64.

«Se mi spiega», rispose il Maccadò cui non era sfuggito l’uso del lei da parte del Malversati.

Umiltà fittizia?, si chiese.

Una mossa volpina affinché si generasse in lui un po’ di compassione e allentasse le redini?

Meglio, decise, continuare il gioco del finto tonto.

Che si spiegasse quindi se voleva che lui lo capisse. E continuasse pure a usare il lei, musica per le sue orecchie se usciva da simili labbra.

Il Maccadò, principiò a raccontare il Malversati, doveva innanzitutto comprendere una cosa: che la denuncia dell’aggressione subita, il furto o sparizione comunque lo si volesse chiamare di...

«Insomma...» sospese il Malversati.

«Insomma, cosa?» finse di non capire il maresciallo.

«Di alcune mutande», soffiò l’ispettore di produzione.

Ohibò!

Ci sarebbe stata bene come battuta trattandosi di una commediola. Il maresciallo se la risparmiò, temendo di esagerare.

Ligio al ruolo si limitò a chiedere.

«Alcune? Intende più di una?»

«Pare siano tre o quattro», confessò il Malversati.

Ma non era il numero a contare, aggiunse frettolosamente.

«No?» fece il maresciallo.

Il gesto piuttosto.

L’ignobile gesto che naturalmente qualificava gli anonimi autori...

«Feccia!» si arrampicò il Malversati.

Una feccia che agendo così aveva voluto mettere lui e la sua famiglia alla gogna.

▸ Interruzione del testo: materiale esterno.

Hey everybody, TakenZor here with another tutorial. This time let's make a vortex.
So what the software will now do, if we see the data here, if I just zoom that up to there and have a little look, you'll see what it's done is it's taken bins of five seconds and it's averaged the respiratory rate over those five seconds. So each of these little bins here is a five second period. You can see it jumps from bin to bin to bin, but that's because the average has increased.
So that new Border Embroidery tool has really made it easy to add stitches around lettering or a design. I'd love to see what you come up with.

«E perché mai?» osò il maresciallo.

Sapeva di giocare una carta estrema fingendo uno stupore al limite con l’idiozia. La vanità del Malversati lo protesse dall’essere scoperto.

«Ma via, maresciallo!» rispose infatti quello.

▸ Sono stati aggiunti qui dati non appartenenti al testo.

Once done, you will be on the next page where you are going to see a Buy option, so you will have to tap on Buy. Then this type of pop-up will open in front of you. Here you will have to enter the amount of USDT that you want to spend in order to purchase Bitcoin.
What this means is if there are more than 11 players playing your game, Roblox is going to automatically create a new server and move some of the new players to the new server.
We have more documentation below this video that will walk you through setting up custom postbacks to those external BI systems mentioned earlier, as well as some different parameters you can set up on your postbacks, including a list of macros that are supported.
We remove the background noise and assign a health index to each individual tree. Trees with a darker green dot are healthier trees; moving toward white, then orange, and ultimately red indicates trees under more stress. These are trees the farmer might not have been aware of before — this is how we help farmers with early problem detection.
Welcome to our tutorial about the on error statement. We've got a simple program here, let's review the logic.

Via, non sentiva di già anche lui il mormorio di soddisfazione di tutti gli invidiosi per la gran carriera che l’aveva portato in vetta?

Non gli pareva di vedere le risate di scherno qualora si fosse palesato subito l’oggetto del furto?

L’intimità sua e della sua famiglia offerta in pasto a chiunque se ne volesse cibare!

E fosse stato solo per lui, poteva anche sopportare.

«Ma...»

Il Malversati a quel punto fece una pausa a effetto, dopodiché assunse con decisione un tono lirico.

Era alla moglie che andava il suo pensiero.

La immaginava vivere nel ludibrio pubblico, costretta diuturnamente a subire occhiate, pettegolezzi, e chissà cos’altro mentre lui, lontano per le ovvie ragioni di lavoro, non poteva intervenire a difenderne l’onore.

Perciò si permetteva di chiedere comprensione al maresciallo.

Che soprassedesse, così come aveva deciso di fare lui, sull’accaduto e chiudesse la questione.

«Nulla osta», rispose il Maccadò.

«Sapevo di poter contare su di voi», rispose il Malversati.

L’umiltà del lei era di già andata a farsi benedire.

«Ma certo», assicurò il Maccadò, «e parimenti io so di poter contare su di lei.»

Il Malversati si oscurò.

Non fu per il lei che il Maccadò aveva rimarcato con la voce.

Temeva...

«In che senso?» chiese.

Nel senso che, spiegò il maresciallo, come da ordine che aveva precedentemente emanato, gradiva nel suo ufficio la presenza della signora Verzetta Cece in Malversati alla quale, avendone diritto e dovere, avrebbe mostrato l’oggetto del furto o sparizione che dir si voglia.

«Dopodiché, sentito il parere della signora, potremo chiudere la storia.»

Il Malversati fu lì per dire qualcosa.

Il maresciallo non gliene diede il tempo. Si alzò dalla sedia.

«Col vostro permesso», disse.

Aveva usato il voi, ma di proposito, chiudendo un altro atto della commedia.

Quindi dalla soglia chiamò il carabiniere Caldiluna che di lì a poco si trovò di fronte alla verità nuda e cruda.